### Supplied data:
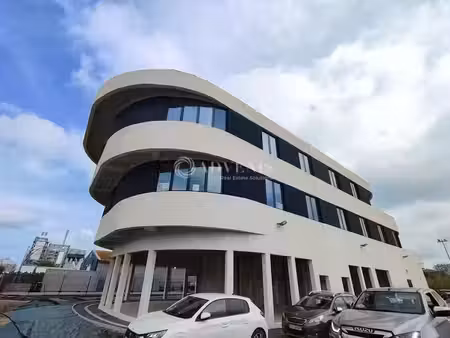 vente locaux professionnels 0 pièces 93.4 m² à sète (34200)  201 395 €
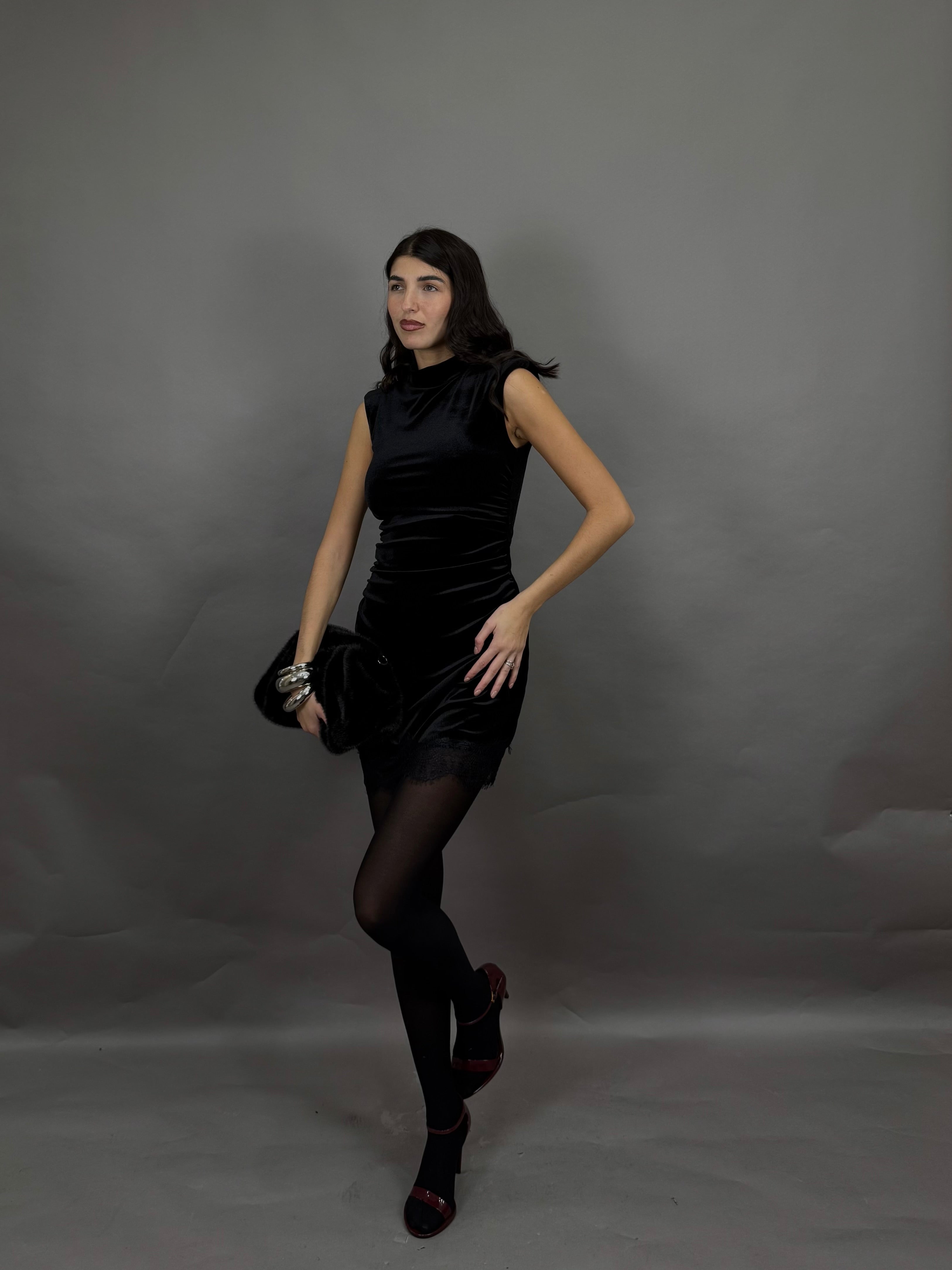 Dress in velluto nero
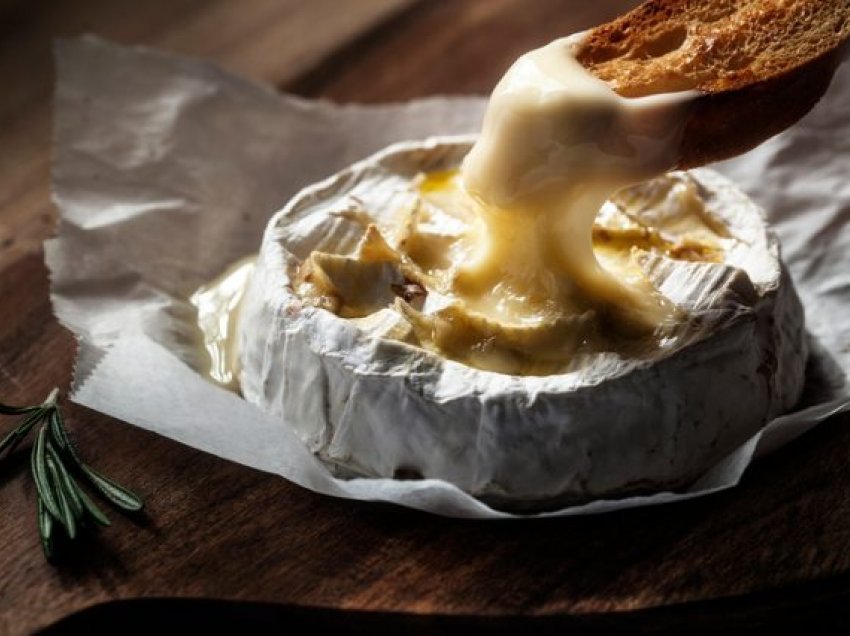 Djathi i famshëm francez Camembert priret të zhduket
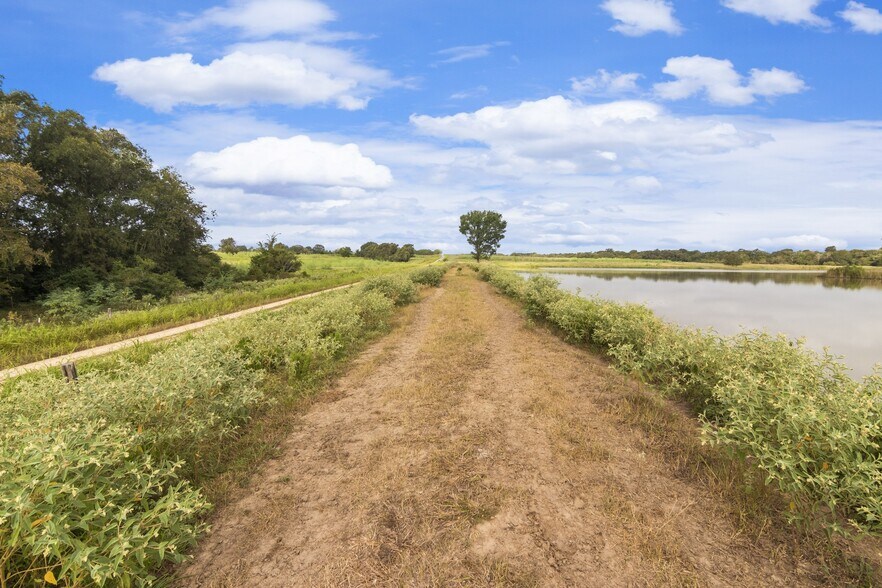 17 Armstrong Derry, Flatonia, TX à vendre - Photo du bâtiment - Image 2 de 14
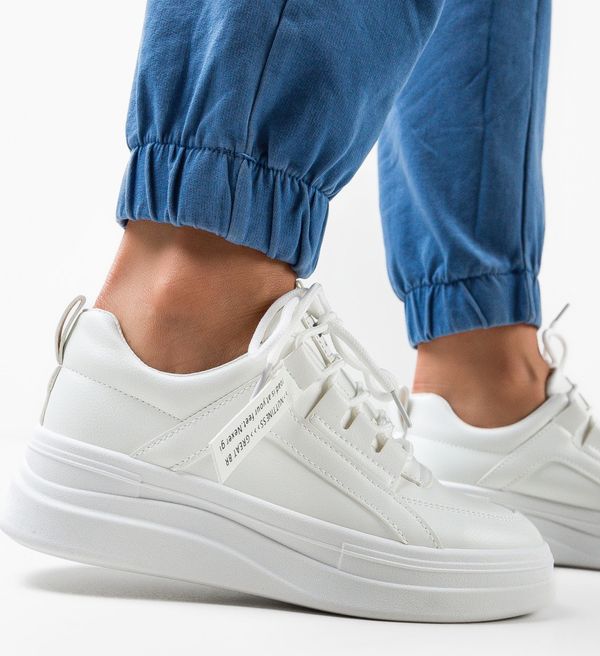 Maria Спортни Ibraheem Бели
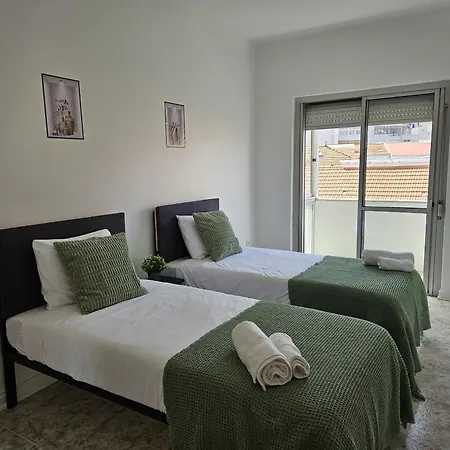 Light Spacious Apartman Almada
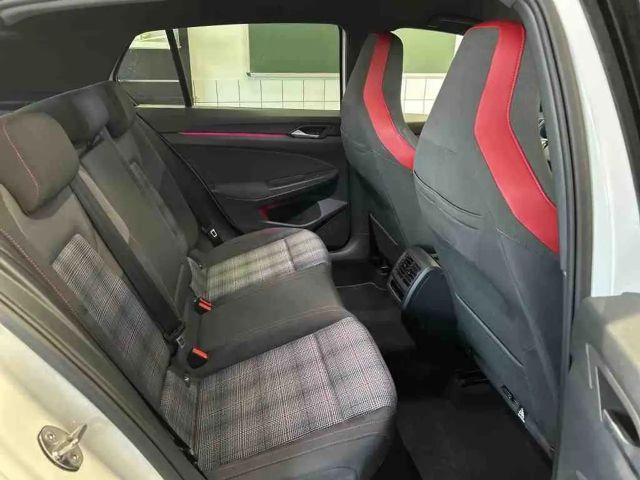 Volkswagen Golf 2.0 TSI DSG GTI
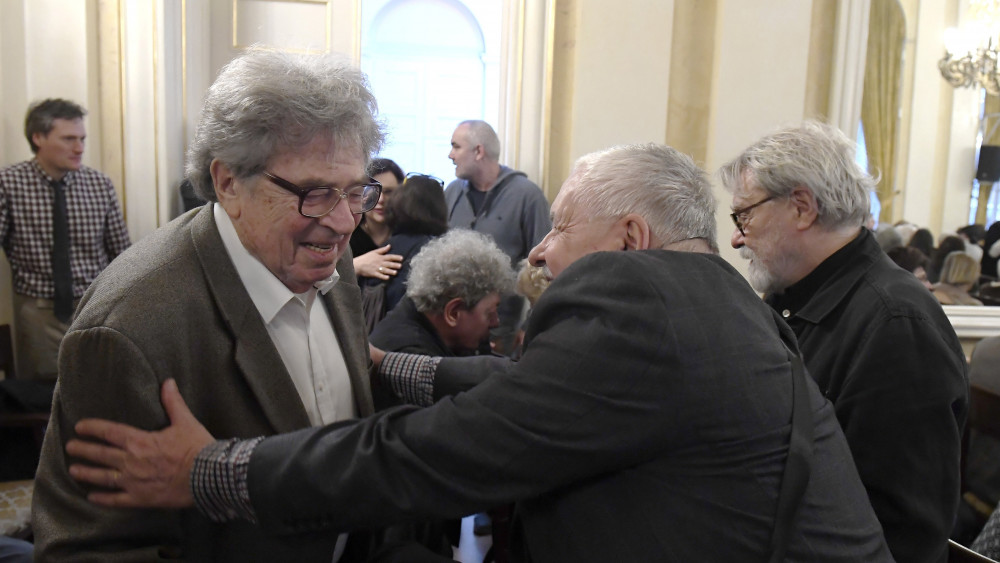 Konrád György Kossuth-díjas író (b) érkezik a 85. születésnapja alkalmából rendezett ünnepi műsorra a budapesti Petőfi Irodalmi Múzeumban 2018. április 5-én.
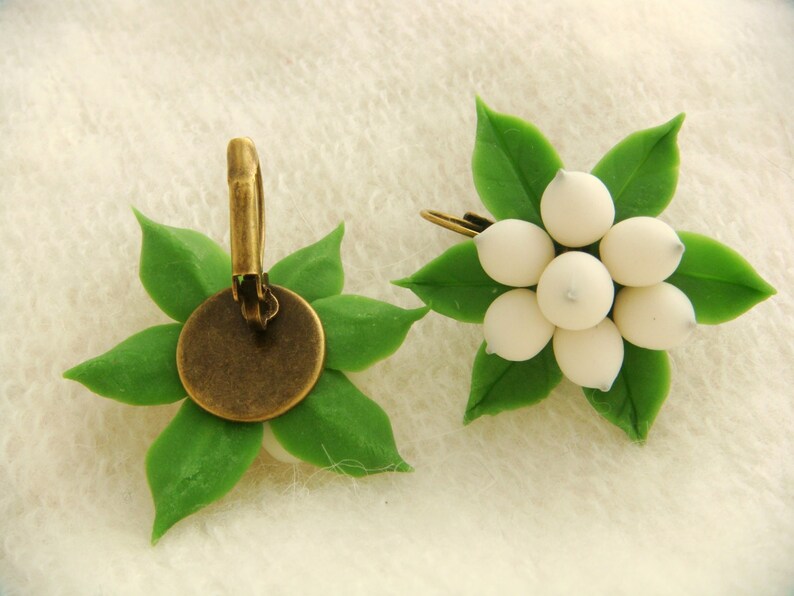 Floral earrings Woodland earrings, Mistletoe earrings Polymer clay earrings Berry jewelry Holiday jewelry Christmas earrings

### Brief:
Pictures are not part of the copy; retype all the other material exactly.

### Result of this task:
 vente locaux professionnels 0 pièces 93.4 m² à sète (34200)  201 395 €
 Dress in velluto nero
 Djathi i famshëm francez Camembert priret të zhduket
 17 Armstrong Derry, Flatonia, TX à vendre - Photo du bâtiment - Image 2 de 14
 Maria Спортни Ibraheem Бели
 Light Spacious Apartman Almada
 Volkswagen Golf 2.0 TSI DSG GTI
 Konrád György Kossuth-díjas író (b) érkezik a 85. születésnapja alkalmából rendezett ünnepi műsorra a budapesti Petőfi Irodalmi Múzeumban 2018. április 5-én.
 Floral earrings Woodland earrings, Mistletoe earrings Polymer clay earrings Berry jewelry Holiday jewelry Christmas earrings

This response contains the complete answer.